Given records START
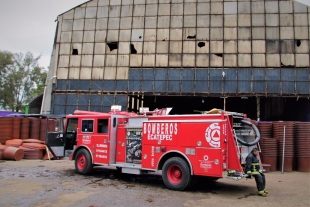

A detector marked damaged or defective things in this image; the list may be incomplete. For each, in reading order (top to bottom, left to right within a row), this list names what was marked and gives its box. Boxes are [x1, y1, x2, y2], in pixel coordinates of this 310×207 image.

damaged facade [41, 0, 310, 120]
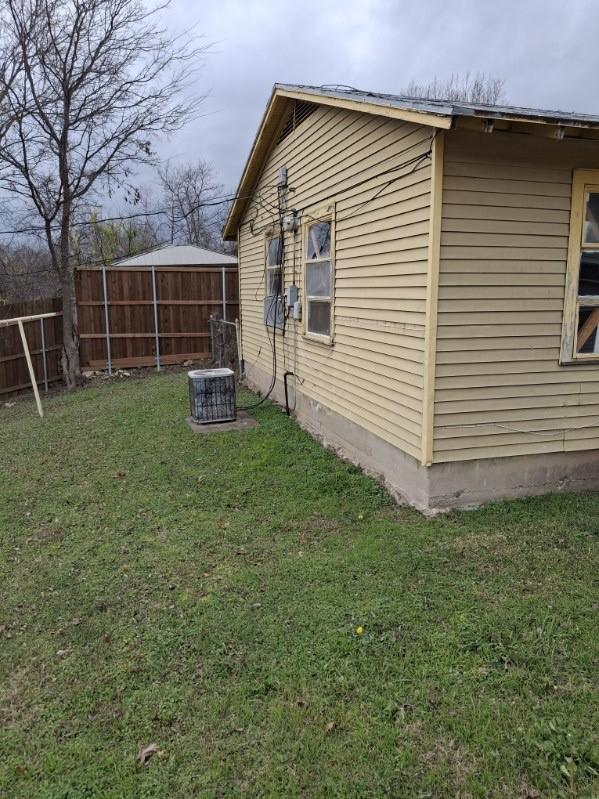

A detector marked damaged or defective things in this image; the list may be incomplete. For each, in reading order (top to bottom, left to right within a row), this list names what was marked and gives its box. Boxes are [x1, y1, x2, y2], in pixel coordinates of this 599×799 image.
Given records END
Given records START
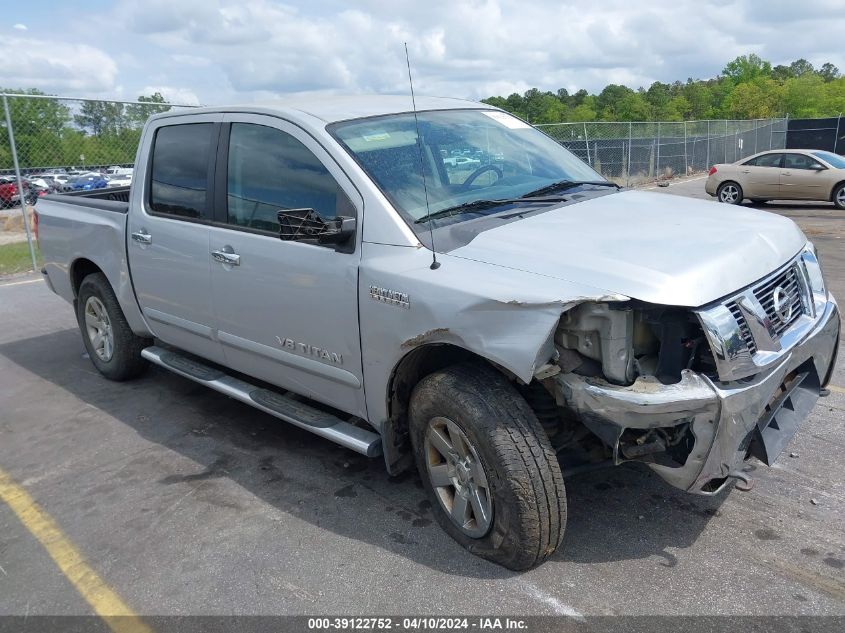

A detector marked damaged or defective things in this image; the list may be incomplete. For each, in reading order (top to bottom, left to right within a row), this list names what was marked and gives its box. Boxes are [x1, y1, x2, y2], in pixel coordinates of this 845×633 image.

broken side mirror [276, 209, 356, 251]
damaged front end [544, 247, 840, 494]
Given records END
Given records START
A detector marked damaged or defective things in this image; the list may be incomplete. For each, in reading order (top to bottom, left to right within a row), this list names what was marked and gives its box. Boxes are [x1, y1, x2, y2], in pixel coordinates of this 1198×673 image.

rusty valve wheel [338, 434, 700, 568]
Given records END
● **Directions for this task**:
Your answer must be everything above from the line with "this 310×207 image." down to the line with "this 599×799 image.", word for word, and no pictures.

● **Finished task**:
A detector marked damaged or defective things in this image; the list may be incomplete. For each, in reading order (top to bottom, left to right within a row), this list names what was marked and gives its box. Boxes are [x1, y1, x2, y2], in pixel coordinates of this 310×207 image.

damaged facade [41, 0, 310, 120]

A detector marked damaged or defective things in this image; the list may be incomplete. For each, in reading order (top to bottom, left to right within a row), this list names what was marked and gives its box. Boxes are [x1, y1, x2, y2], in pixel coordinates of this 599×799 image.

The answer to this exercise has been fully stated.